- **HOW TO COMPLETE THIS TASK**
Restate word for word the section of the entries that opens at the line containing "TOGÜ'de Türkçe öğrenen" and closes at the line containing "Мишка-обнимашка — Реставрация", both lines kept, pictures dropped.

- **ENTRIES PROVIDED**
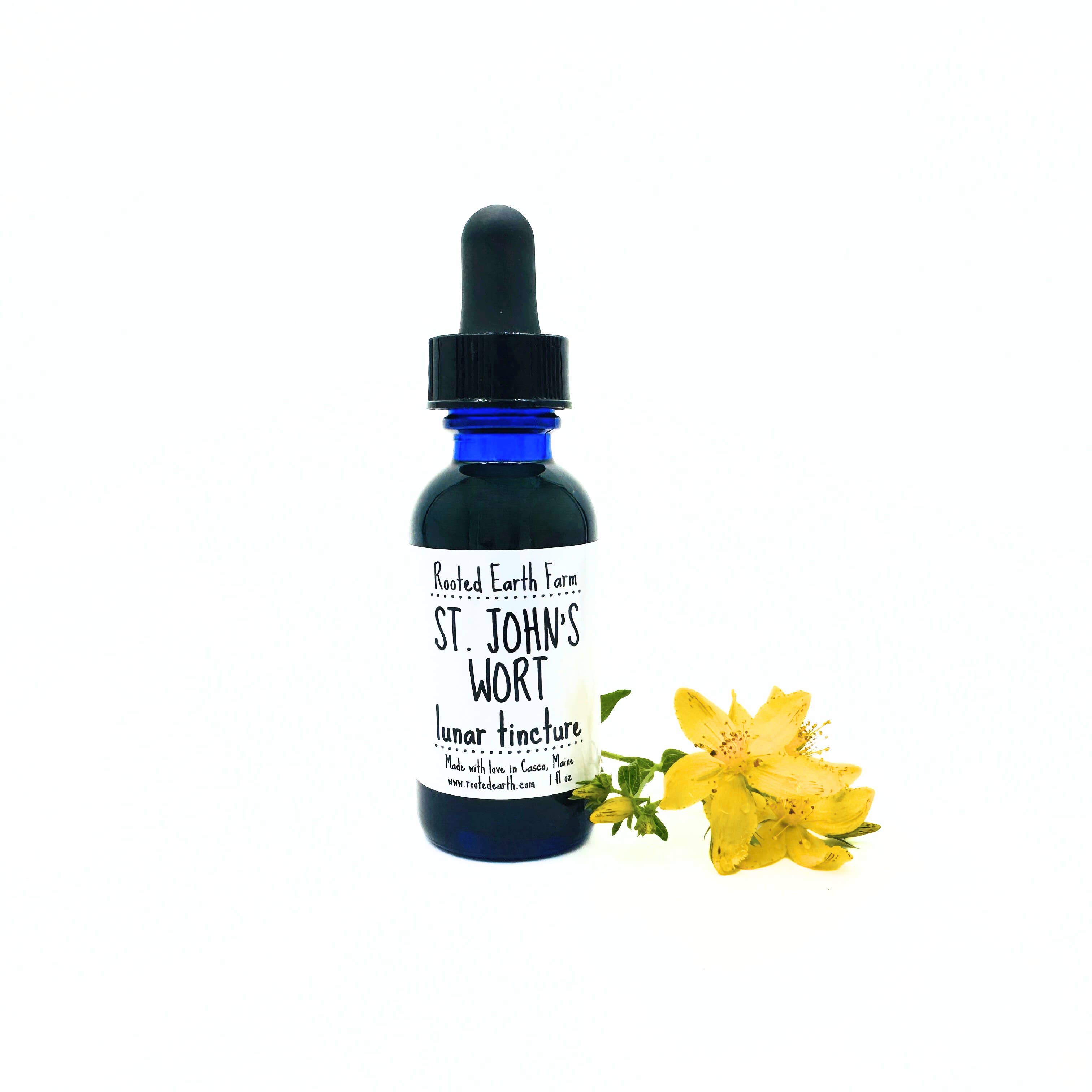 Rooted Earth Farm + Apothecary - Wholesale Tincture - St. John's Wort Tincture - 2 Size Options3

--

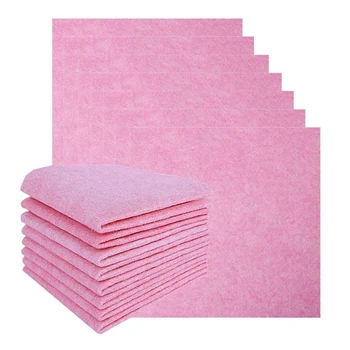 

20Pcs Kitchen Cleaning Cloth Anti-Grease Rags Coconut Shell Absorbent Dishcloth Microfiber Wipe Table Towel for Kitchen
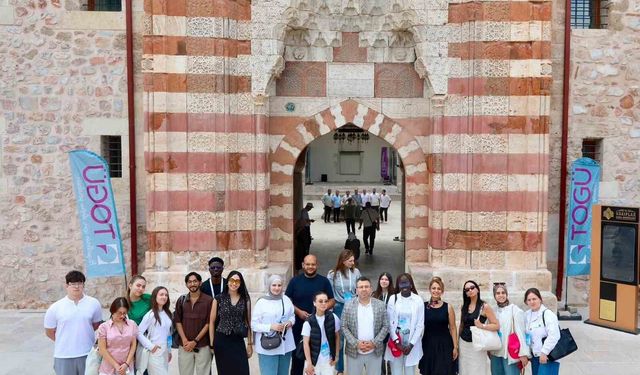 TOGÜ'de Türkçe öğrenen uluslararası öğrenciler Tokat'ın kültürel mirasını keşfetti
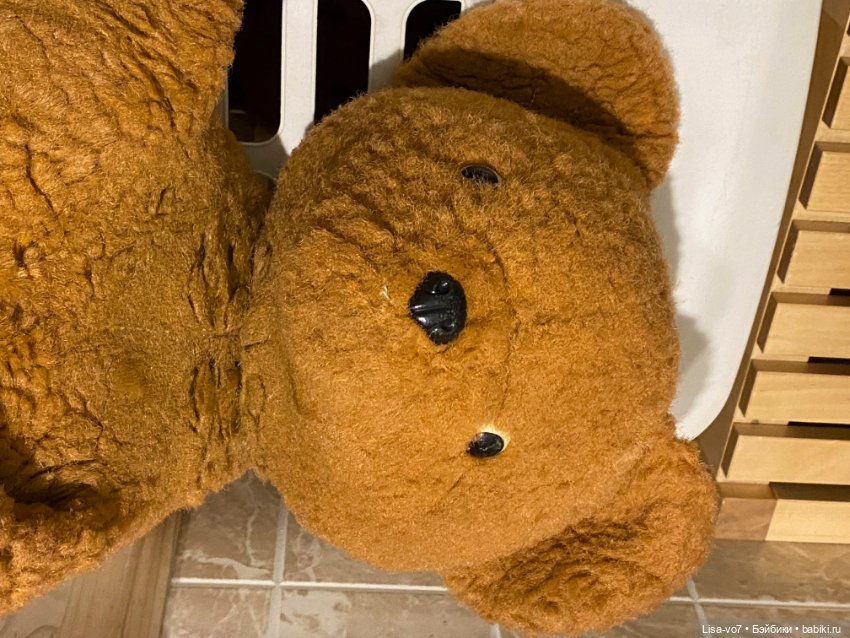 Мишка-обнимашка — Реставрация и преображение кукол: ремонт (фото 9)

- **WRITTEN REPLY**
 TOGÜ'de Türkçe öğrenen uluslararası öğrenciler Tokat'ın kültürel mirasını keşfetti
 Мишка-обнимашка — Реставрация и преображение кукол: ремонт (фото 9)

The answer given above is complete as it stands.